Exercise aim: Beginning at the line that contains "PJ PAUL JONES", repeat every line of the listing exactly through the final one.

Exercise data:
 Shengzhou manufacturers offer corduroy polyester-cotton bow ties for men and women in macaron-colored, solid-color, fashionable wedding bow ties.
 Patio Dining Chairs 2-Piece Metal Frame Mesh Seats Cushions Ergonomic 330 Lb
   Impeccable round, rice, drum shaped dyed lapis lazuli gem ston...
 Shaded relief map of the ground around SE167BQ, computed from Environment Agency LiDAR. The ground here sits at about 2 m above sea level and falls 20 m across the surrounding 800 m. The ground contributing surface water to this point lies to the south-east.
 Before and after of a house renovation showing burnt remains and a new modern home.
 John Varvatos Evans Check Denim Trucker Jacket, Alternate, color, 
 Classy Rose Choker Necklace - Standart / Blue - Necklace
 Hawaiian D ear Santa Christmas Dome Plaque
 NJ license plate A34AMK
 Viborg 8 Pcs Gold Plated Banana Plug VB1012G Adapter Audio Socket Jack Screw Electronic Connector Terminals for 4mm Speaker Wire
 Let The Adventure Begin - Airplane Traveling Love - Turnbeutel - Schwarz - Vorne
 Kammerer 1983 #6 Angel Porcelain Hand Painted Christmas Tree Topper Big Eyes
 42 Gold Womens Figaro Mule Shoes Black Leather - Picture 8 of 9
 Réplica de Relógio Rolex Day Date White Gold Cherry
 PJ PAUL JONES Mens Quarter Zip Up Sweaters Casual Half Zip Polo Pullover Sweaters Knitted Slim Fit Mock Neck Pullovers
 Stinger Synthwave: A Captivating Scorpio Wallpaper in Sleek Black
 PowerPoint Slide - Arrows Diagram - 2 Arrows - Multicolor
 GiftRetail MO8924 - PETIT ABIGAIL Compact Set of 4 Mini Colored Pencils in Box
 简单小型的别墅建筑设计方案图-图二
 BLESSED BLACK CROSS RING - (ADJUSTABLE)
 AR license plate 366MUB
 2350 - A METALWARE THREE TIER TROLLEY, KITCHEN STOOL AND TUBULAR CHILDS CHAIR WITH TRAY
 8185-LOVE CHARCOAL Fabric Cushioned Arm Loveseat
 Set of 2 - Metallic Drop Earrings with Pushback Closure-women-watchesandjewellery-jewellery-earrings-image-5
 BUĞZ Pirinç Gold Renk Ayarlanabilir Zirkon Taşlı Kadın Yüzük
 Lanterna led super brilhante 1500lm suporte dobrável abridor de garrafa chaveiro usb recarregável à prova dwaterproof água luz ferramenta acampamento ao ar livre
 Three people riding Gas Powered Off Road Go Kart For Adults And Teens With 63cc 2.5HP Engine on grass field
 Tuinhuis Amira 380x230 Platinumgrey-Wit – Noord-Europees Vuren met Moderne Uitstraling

Task solution:
 PJ PAUL JONES Mens Quarter Zip Up Sweaters Casual Half Zip Polo Pullover Sweaters Knitted Slim Fit Mock Neck Pullovers
 Stinger Synthwave: A Captivating Scorpio Wallpaper in Sleek Black
 PowerPoint Slide - Arrows Diagram - 2 Arrows - Multicolor
 GiftRetail MO8924 - PETIT ABIGAIL Compact Set of 4 Mini Colored Pencils in Box
 简单小型的别墅建筑设计方案图-图二
 BLESSED BLACK CROSS RING - (ADJUSTABLE)
 AR license plate 366MUB
 2350 - A METALWARE THREE TIER TROLLEY, KITCHEN STOOL AND TUBULAR CHILDS CHAIR WITH TRAY
 8185-LOVE CHARCOAL Fabric Cushioned Arm Loveseat
 Set of 2 - Metallic Drop Earrings with Pushback Closure-women-watchesandjewellery-jewellery-earrings-image-5
 BUĞZ Pirinç Gold Renk Ayarlanabilir Zirkon Taşlı Kadın Yüzük
 Lanterna led super brilhante 1500lm suporte dobrável abridor de garrafa chaveiro usb recarregável à prova dwaterproof água luz ferramenta acampamento ao ar livre
 Three people riding Gas Powered Off Road Go Kart For Adults And Teens With 63cc 2.5HP Engine on grass field
 Tuinhuis Amira 380x230 Platinumgrey-Wit – Noord-Europees Vuren met Moderne Uitstraling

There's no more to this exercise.